#### What is expected:
The job is to find each line of the records below that includes the word "Shirt" and copy it.

#### Records supplied:
------

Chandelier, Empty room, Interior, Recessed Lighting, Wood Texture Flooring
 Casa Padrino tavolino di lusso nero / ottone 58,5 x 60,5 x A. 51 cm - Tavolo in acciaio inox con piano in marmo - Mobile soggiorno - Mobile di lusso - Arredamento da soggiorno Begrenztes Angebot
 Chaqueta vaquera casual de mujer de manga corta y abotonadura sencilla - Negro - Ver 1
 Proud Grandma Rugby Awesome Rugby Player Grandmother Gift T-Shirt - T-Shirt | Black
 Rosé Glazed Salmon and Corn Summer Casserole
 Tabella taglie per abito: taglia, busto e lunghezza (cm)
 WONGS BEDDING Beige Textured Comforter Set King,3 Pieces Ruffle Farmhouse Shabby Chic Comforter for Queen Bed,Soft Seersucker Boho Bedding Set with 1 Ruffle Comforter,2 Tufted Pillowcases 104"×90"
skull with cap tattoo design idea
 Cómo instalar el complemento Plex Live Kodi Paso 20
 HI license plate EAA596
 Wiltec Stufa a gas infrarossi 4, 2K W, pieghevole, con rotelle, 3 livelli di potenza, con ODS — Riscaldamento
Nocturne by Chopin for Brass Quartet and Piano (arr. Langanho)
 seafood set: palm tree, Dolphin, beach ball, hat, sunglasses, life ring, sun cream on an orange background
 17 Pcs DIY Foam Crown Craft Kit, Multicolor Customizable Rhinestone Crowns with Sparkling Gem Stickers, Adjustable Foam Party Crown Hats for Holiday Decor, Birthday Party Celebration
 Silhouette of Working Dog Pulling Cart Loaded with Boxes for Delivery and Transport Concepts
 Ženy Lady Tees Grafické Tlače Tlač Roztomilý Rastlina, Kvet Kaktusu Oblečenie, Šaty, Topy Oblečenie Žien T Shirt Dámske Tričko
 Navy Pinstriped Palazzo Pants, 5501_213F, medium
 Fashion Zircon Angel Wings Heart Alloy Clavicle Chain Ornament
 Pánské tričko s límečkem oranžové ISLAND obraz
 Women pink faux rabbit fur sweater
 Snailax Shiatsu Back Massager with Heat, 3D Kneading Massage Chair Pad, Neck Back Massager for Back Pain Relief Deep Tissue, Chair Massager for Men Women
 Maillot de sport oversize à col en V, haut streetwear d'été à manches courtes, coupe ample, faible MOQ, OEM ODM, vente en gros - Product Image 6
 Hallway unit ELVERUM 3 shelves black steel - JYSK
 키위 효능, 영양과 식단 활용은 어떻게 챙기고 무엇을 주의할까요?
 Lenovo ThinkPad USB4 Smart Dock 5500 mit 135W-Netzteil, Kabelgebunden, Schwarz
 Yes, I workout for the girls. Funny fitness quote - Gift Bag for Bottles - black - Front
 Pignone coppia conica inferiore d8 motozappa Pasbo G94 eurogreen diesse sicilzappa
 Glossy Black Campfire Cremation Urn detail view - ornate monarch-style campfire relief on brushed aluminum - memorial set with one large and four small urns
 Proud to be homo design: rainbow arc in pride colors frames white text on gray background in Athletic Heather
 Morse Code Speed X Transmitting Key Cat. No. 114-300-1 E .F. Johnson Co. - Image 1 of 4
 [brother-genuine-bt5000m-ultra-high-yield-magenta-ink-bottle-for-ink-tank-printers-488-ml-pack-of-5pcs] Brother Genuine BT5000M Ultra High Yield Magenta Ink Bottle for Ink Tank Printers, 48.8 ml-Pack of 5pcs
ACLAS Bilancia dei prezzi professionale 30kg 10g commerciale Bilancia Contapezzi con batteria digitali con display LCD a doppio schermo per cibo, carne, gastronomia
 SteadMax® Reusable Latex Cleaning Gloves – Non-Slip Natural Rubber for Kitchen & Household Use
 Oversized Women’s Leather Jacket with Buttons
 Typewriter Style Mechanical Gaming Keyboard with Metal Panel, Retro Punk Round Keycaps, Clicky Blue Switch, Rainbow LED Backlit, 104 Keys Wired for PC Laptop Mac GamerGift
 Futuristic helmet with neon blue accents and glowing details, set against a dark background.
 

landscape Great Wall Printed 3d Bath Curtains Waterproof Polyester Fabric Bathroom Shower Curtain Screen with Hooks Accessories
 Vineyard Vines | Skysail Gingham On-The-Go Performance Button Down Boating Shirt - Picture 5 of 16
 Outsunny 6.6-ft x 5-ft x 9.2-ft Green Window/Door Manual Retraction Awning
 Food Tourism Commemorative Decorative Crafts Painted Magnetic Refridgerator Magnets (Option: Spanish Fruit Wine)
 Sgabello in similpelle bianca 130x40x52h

------

#### Final answer:
 Proud Grandma Rugby Awesome Rugby Player Grandmother Gift T-Shirt - T-Shirt | Black
 Ženy Lady Tees Grafické Tlače Tlač Roztomilý Rastlina, Kvet Kaktusu Oblečenie, Šaty, Topy Oblečenie Žien T Shirt Dámske Tričko
 Vineyard Vines | Skysail Gingham On-The-Go Performance Button Down Boating Shirt - Picture 5 of 16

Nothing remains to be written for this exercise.